To efficiently search query sequences against all these reference genome sequences (e.g. over 11 000 for NCBI_Prok), MiGA employs several heuristic approximations. First, MiGA estimates the genome-based relatedness between each query sequence and all reference medoid genomes in the database. Medoid genomes represent single representatives of AAI clusters of reference genomes, or distinct subclusters within each AAI cluster (see Supplementary Methods); medoids are used so that not all genomes of highly populated clusters are included in the search, which results in substantial reduction in computing time (Supplementary material). For each pair of genomes, relatedness is first assessed by heuristic AAI (hAAI), based on only 110 universal genes (see supplementary methods). If this value cannot be calculated (e.g., there are less than ten common universal gene matches in the two genomes) or is close to saturation (hAAI ≥ 90%), MiGA estimates the complete AAI (6) using aai.rb (11). If this value is also close to saturation (AAI ≥ 90%), MiGA estimates the ANI of the genome pair (3) using ani.rb (11). For each query genome, MiGA applies this hierarchical approach (hAAI, next AAI, and finally ANI; Supplementary Figure S2) against medoid reference datasets. Once the medoid with the highest identity to the query is identified, MiGA proceeds to compare against the medoids in the related subclusters. This process is recursively applied until a cluster without subclusters is found, at which point MiGA calculates the similarities against all members of that cluster and thus, identifies the best match member.

MiGA workflow: Data preprocessing

MiGA implements a genomic data management and processing system that integrates best practices in genomic analyses, and with presets that allow input sequences to represent raw reads or assembled sequences from isolate genomes, single-cell sequences, and metagenome-derived bins or contigs (Figure 4). Datasets initialized from raw short reads are trimmed, stripped from typically used adaptor sequences, and quality-checked using SolexaQA++ with Phred quality score threshold of 20 and minimum length of 50 bp (12), Scythe with default parameters (13), and FastQC (14), respectively. Trimmed and clipped datasets are next assembled using IDBA UD with default parameters (15). Genome binning of the resulting assemblies, if desired, must be currently done outside MiGA currently.

Figure 4.

Figure 4.

MiGA Workflow. MiGA users can initialize their analyses from raw reads or assemblies, either for genomic datasets (isolate genomes, single-cell amplified genomes, or metagenome-assembled genomes) or metagenomic (microbial metagenomes or viral enrichment metagenomes). After basic pre-processing, MiGA will query the resulting sequences against its reference genome sequences to identify the closest relatives using a hierarchical hAAI/AAI/ANI scheme, and determine the best-supported taxonomic assignment.

Next, coding sequences are predicted using Prodigal with default parameters (16). Genes frequently observed to be present in single-copy in bacterial and archaeal genomes are next identified as described in (17), and implemented in HMM.essential.rb from the Enveomics collection (11) including a quality report of redundancy and completeness.
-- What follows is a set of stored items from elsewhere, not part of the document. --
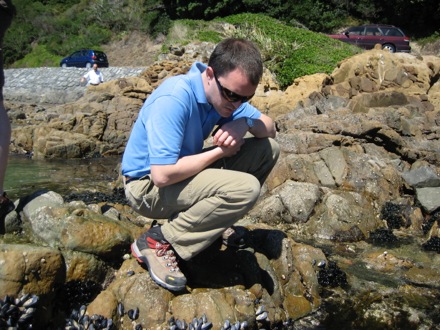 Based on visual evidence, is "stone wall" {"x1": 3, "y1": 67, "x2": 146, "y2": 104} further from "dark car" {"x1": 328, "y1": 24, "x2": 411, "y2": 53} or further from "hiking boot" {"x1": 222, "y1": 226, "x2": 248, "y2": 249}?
"hiking boot" {"x1": 222, "y1": 226, "x2": 248, "y2": 249}

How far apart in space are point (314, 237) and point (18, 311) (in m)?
4.85

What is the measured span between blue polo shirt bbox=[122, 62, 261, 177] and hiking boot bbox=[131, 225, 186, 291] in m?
0.59

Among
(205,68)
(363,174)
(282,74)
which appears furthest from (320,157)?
(282,74)

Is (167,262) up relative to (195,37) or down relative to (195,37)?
up

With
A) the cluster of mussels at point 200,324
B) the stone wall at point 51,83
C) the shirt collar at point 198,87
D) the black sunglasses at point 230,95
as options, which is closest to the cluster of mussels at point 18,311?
the cluster of mussels at point 200,324

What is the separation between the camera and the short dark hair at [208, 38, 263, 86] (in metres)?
3.84

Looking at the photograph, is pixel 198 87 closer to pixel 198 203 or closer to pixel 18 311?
pixel 198 203

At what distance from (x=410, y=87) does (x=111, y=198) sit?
31.0ft

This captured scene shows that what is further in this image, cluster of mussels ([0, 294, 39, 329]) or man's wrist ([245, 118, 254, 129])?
man's wrist ([245, 118, 254, 129])

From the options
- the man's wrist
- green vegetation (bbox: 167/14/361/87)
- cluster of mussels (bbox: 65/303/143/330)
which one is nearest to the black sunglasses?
the man's wrist

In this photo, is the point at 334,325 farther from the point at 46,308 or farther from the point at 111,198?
the point at 111,198

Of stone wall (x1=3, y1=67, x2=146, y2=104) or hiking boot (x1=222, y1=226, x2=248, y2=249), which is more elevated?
hiking boot (x1=222, y1=226, x2=248, y2=249)

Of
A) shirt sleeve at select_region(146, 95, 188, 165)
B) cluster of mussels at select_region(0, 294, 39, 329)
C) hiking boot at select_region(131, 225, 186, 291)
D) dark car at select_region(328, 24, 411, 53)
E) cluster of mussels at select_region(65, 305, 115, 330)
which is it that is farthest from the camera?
dark car at select_region(328, 24, 411, 53)

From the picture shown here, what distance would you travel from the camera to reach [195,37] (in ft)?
100.0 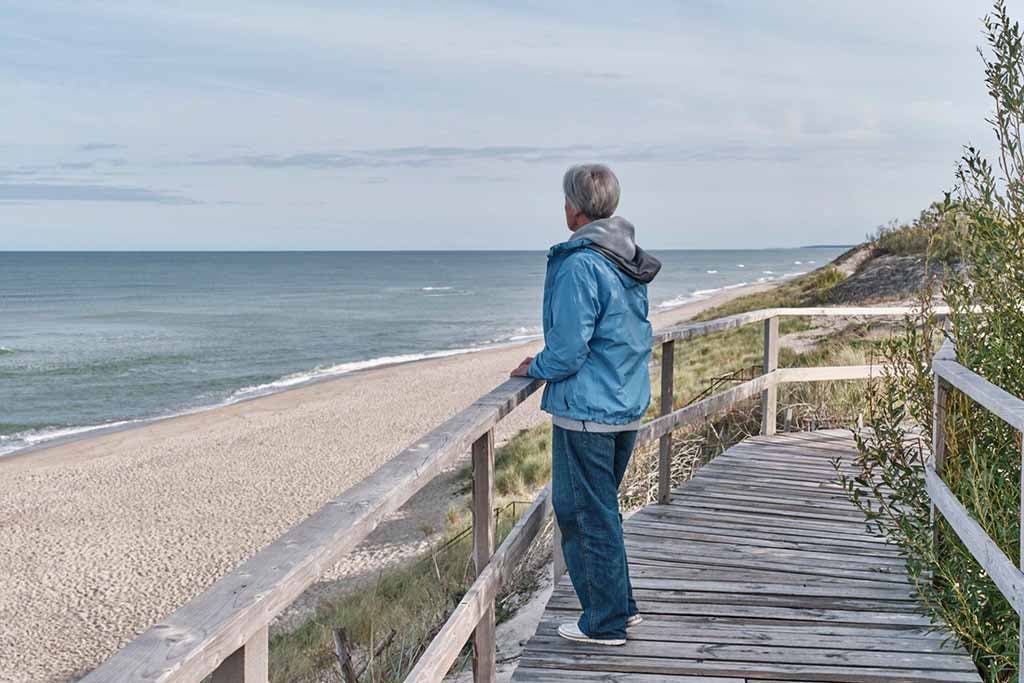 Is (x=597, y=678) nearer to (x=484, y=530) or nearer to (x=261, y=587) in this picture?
(x=484, y=530)

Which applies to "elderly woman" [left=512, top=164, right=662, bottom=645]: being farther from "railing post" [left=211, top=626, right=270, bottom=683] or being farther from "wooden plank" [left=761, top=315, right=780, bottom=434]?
"wooden plank" [left=761, top=315, right=780, bottom=434]

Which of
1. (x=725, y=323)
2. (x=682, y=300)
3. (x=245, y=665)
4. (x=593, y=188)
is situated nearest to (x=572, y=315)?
(x=593, y=188)

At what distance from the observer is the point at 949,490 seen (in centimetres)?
361

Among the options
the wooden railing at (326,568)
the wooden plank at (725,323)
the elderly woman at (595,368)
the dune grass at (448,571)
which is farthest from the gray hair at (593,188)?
the dune grass at (448,571)

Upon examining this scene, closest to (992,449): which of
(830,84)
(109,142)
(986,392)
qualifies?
(986,392)

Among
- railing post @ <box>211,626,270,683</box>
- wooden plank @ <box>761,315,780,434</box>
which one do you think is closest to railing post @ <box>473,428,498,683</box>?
railing post @ <box>211,626,270,683</box>

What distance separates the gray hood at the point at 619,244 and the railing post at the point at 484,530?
746 millimetres

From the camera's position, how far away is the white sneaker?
3.77m

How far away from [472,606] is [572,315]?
104 cm

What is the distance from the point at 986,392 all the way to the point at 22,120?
13331cm

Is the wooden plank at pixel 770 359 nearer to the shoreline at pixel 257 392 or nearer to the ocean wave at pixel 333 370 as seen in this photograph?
the shoreline at pixel 257 392

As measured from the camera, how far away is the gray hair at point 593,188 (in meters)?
3.43

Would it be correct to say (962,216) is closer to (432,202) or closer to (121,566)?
(121,566)

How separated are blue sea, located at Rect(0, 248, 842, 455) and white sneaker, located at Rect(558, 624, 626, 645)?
23200 millimetres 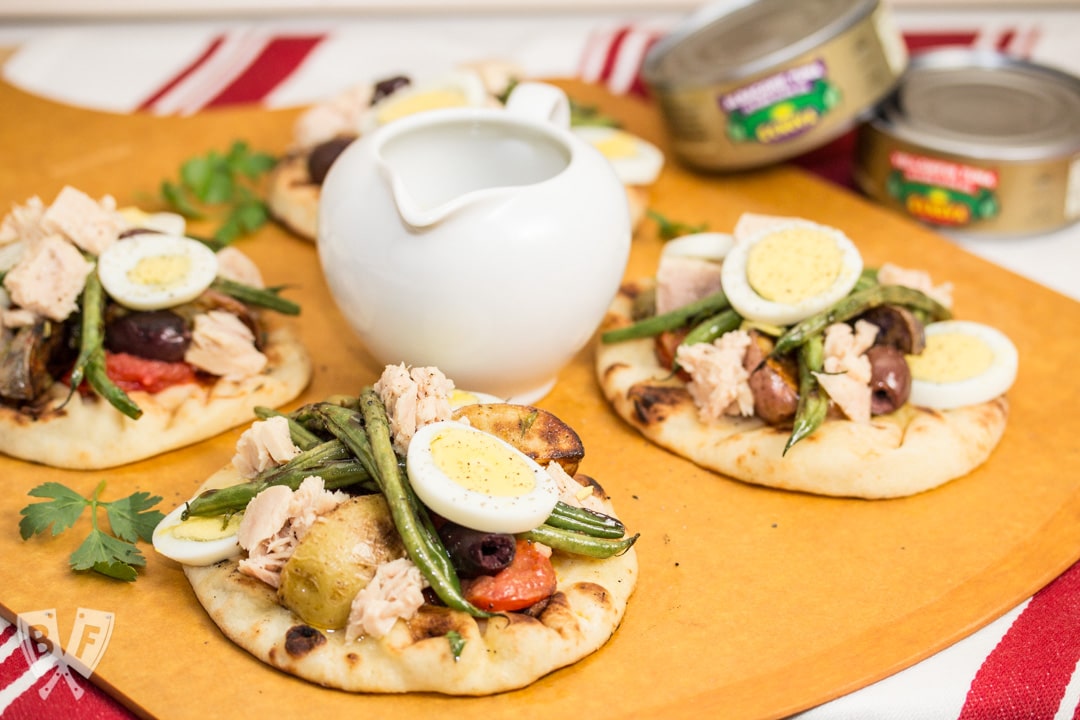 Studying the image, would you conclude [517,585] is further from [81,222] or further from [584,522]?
[81,222]

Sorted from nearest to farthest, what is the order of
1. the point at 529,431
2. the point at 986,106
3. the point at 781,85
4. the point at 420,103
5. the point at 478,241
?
1. the point at 529,431
2. the point at 478,241
3. the point at 781,85
4. the point at 420,103
5. the point at 986,106

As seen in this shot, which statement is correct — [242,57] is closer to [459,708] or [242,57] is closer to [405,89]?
[405,89]

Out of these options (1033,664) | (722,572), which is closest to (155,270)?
(722,572)

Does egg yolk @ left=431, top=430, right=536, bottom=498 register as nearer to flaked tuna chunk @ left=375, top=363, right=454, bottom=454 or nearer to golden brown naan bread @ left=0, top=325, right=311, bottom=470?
flaked tuna chunk @ left=375, top=363, right=454, bottom=454

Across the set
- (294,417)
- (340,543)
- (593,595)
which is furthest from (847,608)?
(294,417)

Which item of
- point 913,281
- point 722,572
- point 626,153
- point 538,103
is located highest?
point 538,103

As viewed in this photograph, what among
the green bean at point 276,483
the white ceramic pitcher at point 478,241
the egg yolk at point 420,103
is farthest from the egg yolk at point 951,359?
the egg yolk at point 420,103

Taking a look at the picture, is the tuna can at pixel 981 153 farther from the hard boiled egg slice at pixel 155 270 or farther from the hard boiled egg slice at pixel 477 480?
the hard boiled egg slice at pixel 155 270

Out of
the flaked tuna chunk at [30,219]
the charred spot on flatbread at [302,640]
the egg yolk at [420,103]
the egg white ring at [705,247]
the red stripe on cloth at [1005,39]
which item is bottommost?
the red stripe on cloth at [1005,39] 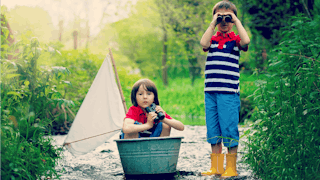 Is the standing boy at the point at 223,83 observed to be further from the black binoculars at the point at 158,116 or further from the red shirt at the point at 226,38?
the black binoculars at the point at 158,116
Redundancy is defined as the fraction of the total single-copy genes that have more than one copy in the query sequence; completeness represents the fraction of the total single-copy genes recovered in the query sequence. In genome sequences (isolate genomes, MAGs or SAGs), MiGA identifies potentially problematic regions like large horizontally transferred regions, contamination, erroneous assembly, etc., using MyTaxa scan (Supplementary Figure S3). MyTaxa scan traverses the genome sequence in windows of ten genes and compares the taxonomic affiliations predicted by MyTaxa (18), flagging regions with unexpectedly large Hellinger distances to the genome-wide distribution (19). This analysis is performed for all reference genomes that are part of MiGA’s genome databases (e.g. NCBI_Prok) and Projects, and can be launched (optionally) for any query dataset.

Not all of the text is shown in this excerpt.